Trump has also turned his attention to US monetary authorities, expressing a desire for greater influence over Federal Reserve leadership and its decision-making. His stance is reflected in remarks made on January 23, stating, “I think I know interest rates much better than they do, and I think I know it certainly much better than the one who’s primarily in charge of making that decision.” At Davos, he reinforced this position, declaring, “With oil prices going down, I’ll demand that interest rates drop immediately. And likewise, they should be dropping all over the world. Interest rates should follow us.” The president’s call for an accelerated easing cycle is unconventional and potentially inflationary amid some critics arguing the Fed has already been too quick to cut rates. Questioning the credibility of your central bank is usually seen to be counter-productive to be ability of the institution to manage expectations.
Finally, although its expressed purpose is not inflation reduction, Trump’s trade policies are highly relevant to the inflation discussion. During the recent 24-hour trade war, Trump threatened Canada and Mexico - the United States’ largest trading partners – with a 25% duty on all goods. He subsequently paused these tariffs for 30 days following agreements with both countries to enhance border security and combat drug trafficking, but implemented a 10% tariff on Chinese goods. The implementation of US tariffs is expected to increase domestic inflation and lead to tighter monetary policy than otherwise, and so unsurprisingly pushed yields higher. In contrast, outside the US, investors responded to fears of slower global growth stemming from these protectionist measures by purchasing Canadian, British, and EZ bonds, leading to a decline in yields.

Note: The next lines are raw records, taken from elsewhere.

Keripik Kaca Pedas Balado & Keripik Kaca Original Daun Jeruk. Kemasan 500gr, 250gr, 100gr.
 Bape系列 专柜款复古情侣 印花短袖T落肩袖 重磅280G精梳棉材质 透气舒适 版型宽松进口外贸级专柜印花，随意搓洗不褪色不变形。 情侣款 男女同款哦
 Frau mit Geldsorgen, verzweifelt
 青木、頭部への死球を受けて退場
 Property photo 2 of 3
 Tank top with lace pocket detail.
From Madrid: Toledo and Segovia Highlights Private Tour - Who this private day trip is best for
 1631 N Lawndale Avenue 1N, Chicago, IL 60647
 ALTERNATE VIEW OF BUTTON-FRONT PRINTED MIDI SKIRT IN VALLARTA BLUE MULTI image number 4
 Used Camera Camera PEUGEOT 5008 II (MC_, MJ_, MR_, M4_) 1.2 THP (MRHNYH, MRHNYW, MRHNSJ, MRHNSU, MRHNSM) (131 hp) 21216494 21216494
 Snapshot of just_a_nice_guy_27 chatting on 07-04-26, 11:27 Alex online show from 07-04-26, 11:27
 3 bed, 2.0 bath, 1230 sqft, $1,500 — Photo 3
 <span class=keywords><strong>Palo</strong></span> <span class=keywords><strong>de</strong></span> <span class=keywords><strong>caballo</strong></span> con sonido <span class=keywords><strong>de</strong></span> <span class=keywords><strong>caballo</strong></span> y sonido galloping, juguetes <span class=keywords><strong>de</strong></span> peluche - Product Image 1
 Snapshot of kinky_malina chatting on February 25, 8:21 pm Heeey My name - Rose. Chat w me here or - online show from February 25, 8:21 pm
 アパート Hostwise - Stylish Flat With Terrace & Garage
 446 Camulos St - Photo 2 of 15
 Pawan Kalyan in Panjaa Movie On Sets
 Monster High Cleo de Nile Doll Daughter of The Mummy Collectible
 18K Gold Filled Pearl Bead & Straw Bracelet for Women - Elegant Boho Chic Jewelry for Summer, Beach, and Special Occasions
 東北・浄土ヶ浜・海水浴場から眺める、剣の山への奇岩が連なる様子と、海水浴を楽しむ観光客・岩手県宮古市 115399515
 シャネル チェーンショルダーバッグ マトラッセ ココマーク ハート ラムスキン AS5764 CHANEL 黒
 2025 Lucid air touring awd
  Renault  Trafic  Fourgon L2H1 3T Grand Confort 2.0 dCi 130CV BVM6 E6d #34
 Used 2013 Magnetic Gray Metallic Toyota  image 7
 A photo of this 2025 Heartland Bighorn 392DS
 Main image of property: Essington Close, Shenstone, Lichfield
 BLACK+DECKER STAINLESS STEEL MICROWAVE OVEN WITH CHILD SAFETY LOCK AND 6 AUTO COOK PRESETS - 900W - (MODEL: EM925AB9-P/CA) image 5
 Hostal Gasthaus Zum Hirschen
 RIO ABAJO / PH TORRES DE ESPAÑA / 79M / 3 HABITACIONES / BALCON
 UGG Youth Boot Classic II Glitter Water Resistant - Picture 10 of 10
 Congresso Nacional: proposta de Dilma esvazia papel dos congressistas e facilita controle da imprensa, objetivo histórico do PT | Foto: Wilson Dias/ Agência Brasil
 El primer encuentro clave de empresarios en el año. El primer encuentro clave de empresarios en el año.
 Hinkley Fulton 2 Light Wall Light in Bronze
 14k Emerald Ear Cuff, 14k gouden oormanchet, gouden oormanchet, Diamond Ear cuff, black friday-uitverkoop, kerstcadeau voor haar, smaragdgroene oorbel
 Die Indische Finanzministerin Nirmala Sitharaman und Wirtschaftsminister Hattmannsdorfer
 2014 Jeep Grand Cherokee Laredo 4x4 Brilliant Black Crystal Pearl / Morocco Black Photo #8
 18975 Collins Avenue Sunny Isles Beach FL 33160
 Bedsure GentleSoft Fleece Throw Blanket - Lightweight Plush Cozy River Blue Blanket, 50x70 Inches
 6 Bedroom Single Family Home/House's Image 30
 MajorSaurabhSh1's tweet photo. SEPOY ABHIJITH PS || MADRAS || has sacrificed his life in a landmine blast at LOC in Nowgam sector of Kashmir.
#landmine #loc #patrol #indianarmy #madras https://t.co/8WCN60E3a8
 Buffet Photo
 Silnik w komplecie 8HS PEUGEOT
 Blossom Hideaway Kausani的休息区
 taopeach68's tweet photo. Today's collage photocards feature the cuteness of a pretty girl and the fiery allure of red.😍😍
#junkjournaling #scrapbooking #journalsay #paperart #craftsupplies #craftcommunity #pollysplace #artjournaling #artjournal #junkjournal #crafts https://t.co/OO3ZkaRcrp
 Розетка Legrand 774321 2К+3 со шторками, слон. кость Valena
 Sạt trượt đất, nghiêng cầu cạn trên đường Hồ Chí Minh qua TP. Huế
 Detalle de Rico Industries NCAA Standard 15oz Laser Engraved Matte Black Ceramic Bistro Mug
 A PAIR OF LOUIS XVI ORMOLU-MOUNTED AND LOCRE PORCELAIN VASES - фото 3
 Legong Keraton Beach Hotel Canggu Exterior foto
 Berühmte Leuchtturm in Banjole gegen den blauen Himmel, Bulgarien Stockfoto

The US administration has threatened additional tariffs against major countries and trading blocs, including the EU, ASEAN, and other BRICS nations. If US inflation rises because of tariffs, prompting a firmer monetary policy from the Federal Reserve, the dollar may continue to strengthen. In this scenario, imports from the US would become more expensive, potentially increasing the general price level in the UK and other countries. While Trump has repeatedly expressed a desire to devalue the dollar, which would make U.S. goods relatively less expensive abroad, it is difficult to see this happening, as many of Trump’s policies, such as tax cuts – which could stimulate US growth and necessitate tighter monetary policy – and tariffs, are likely to sustain or even strengthen the dollar’s position.
The policies discussed in this article are by no means exhaustive, and inflation could also be shaped by tax cuts, increased government spending, deportation of undocumented immigrants, or other as-yet unreleased policies. We’ll have to wait and see whether Trump’s policies do ease inflationary pressure, or whether, as feared, the combination of his favoured policies lead to rising inflation.